- **Task to carry out**: Every record below needs to be set down exactly. Pictures do not belong in the copy.

- **Source records**:
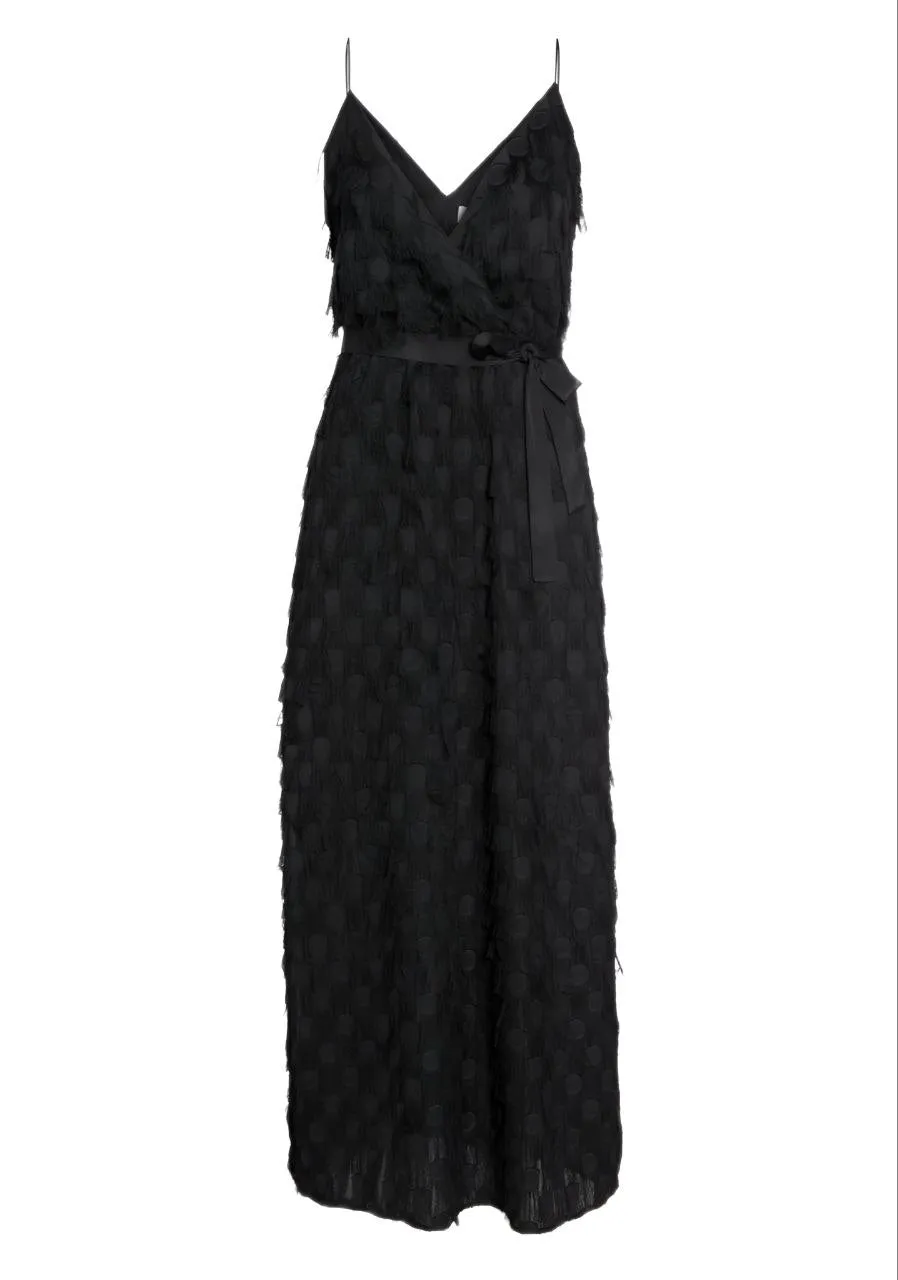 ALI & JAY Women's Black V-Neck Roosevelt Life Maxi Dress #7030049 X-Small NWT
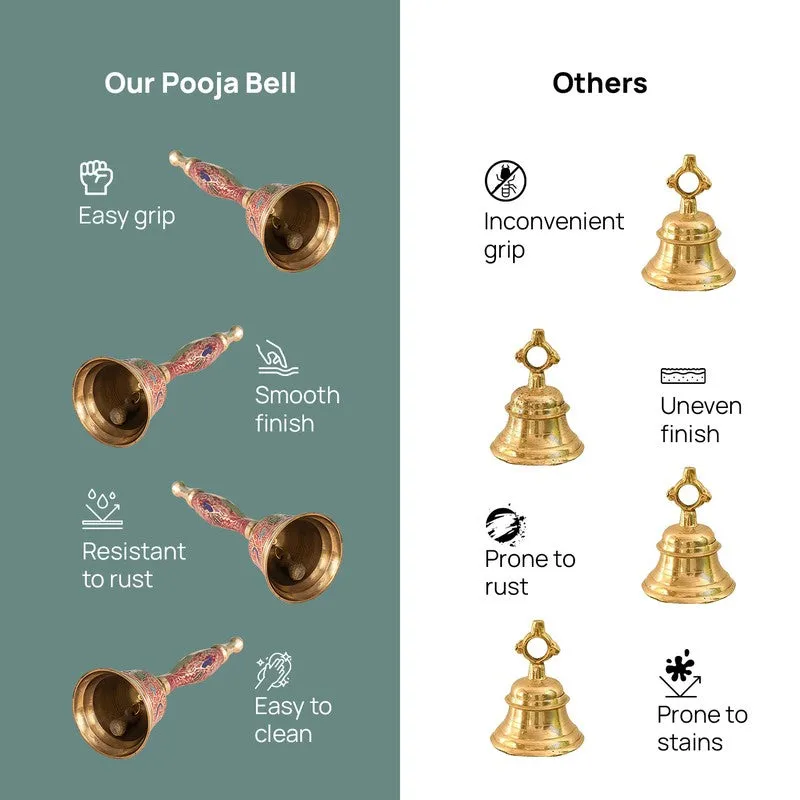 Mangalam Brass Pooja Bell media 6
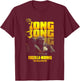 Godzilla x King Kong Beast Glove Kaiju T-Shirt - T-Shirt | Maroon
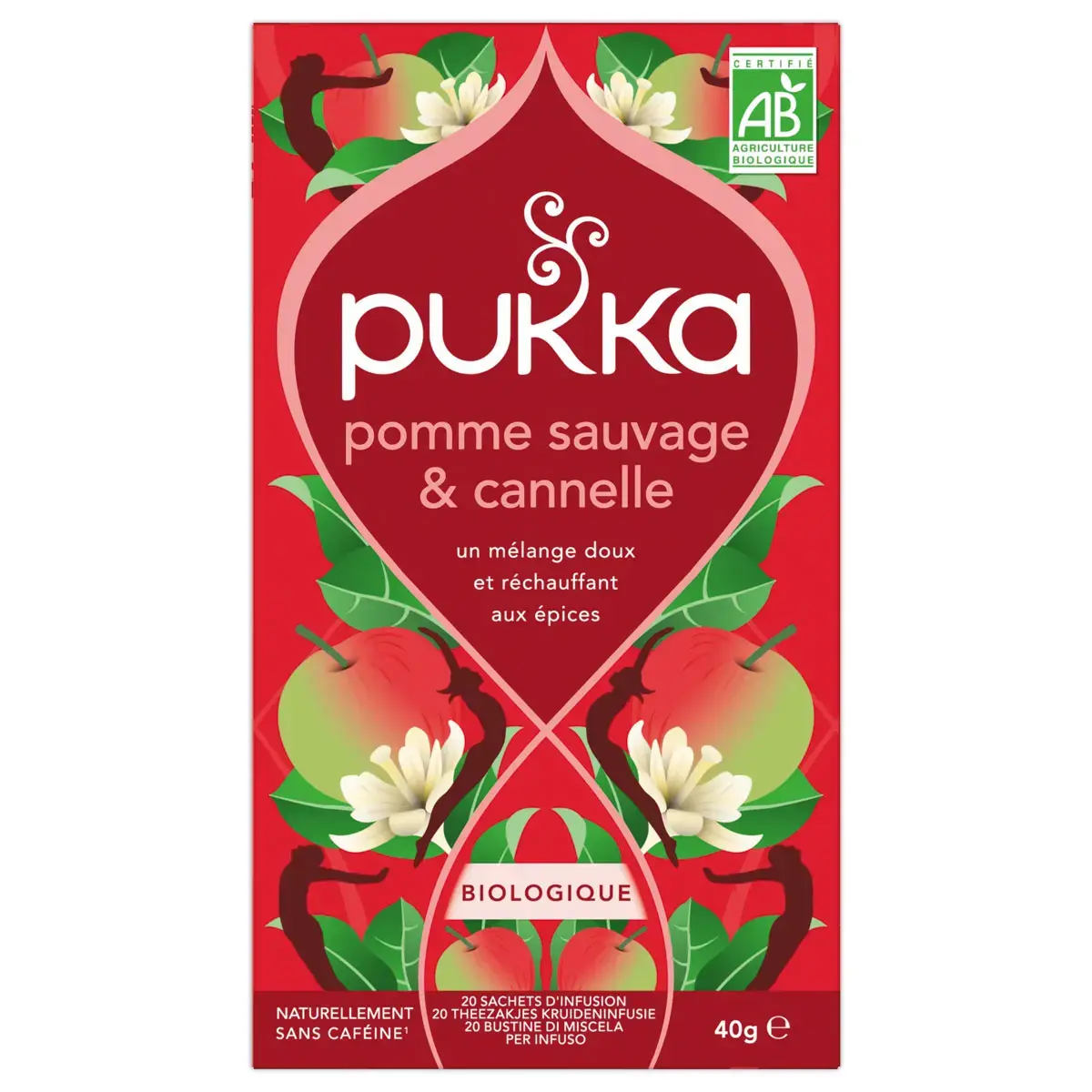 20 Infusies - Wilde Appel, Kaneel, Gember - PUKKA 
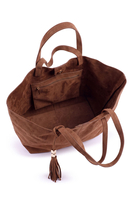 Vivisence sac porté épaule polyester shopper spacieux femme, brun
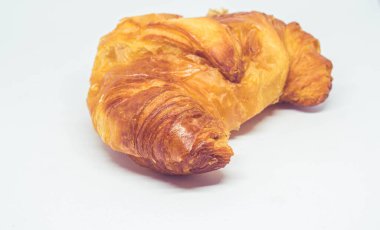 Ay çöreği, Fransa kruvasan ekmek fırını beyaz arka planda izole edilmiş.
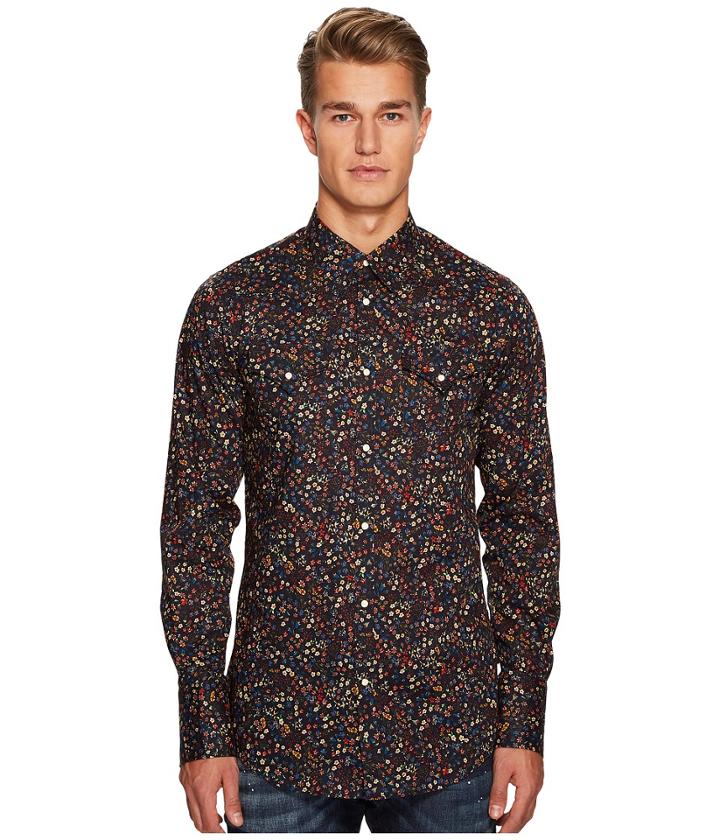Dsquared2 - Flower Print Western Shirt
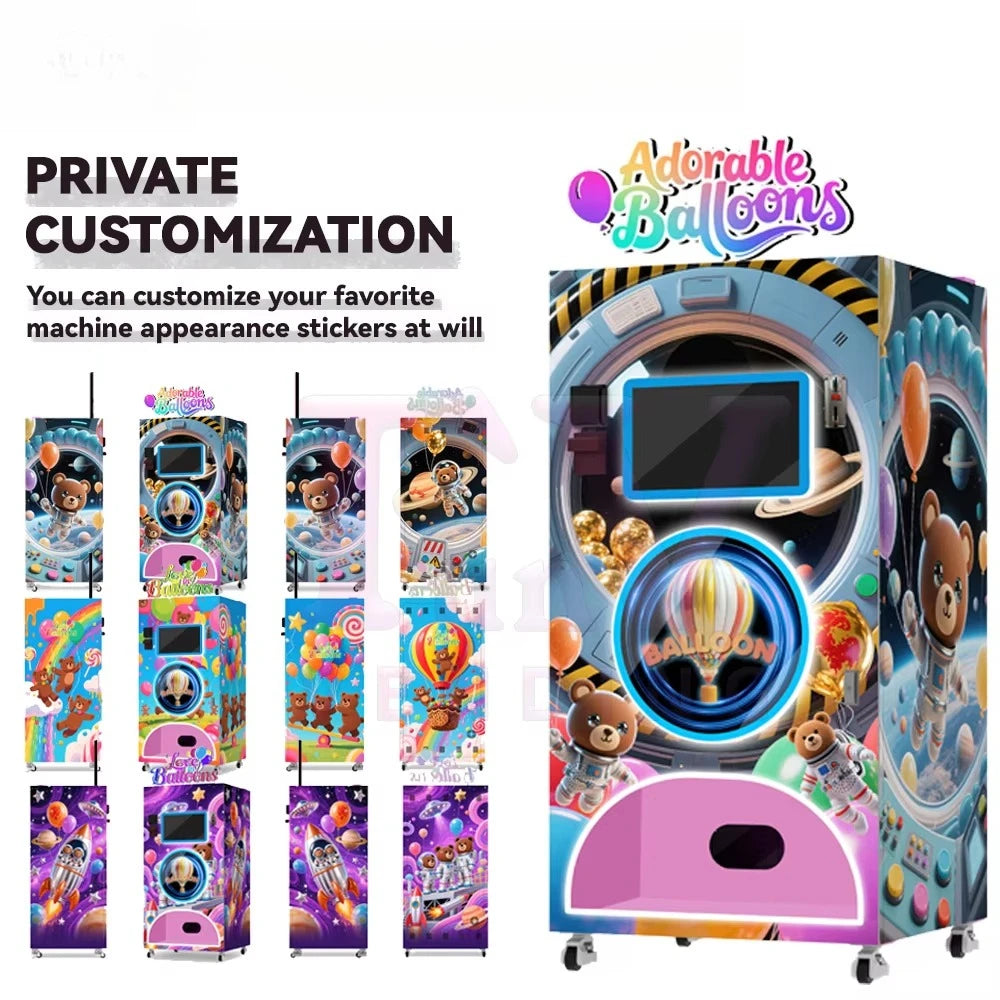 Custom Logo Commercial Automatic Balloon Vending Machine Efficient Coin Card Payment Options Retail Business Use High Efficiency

- **Task result**:
 ALI & JAY Women's Black V-Neck Roosevelt Life Maxi Dress #7030049 X-Small NWT
 Mangalam Brass Pooja Bell media 6
 Godzilla x King Kong Beast Glove Kaiju T-Shirt - T-Shirt | Maroon
 20 Infusies - Wilde Appel, Kaneel, Gember - PUKKA 
 Vivisence sac porté épaule polyester shopper spacieux femme, brun
 Ay çöreği, Fransa kruvasan ekmek fırını beyaz arka planda izole edilmiş.
Dsquared2 - Flower Print Western Shirt
 Custom Logo Commercial Automatic Balloon Vending Machine Efficient Coin Card Payment Options Retail Business Use High Efficiency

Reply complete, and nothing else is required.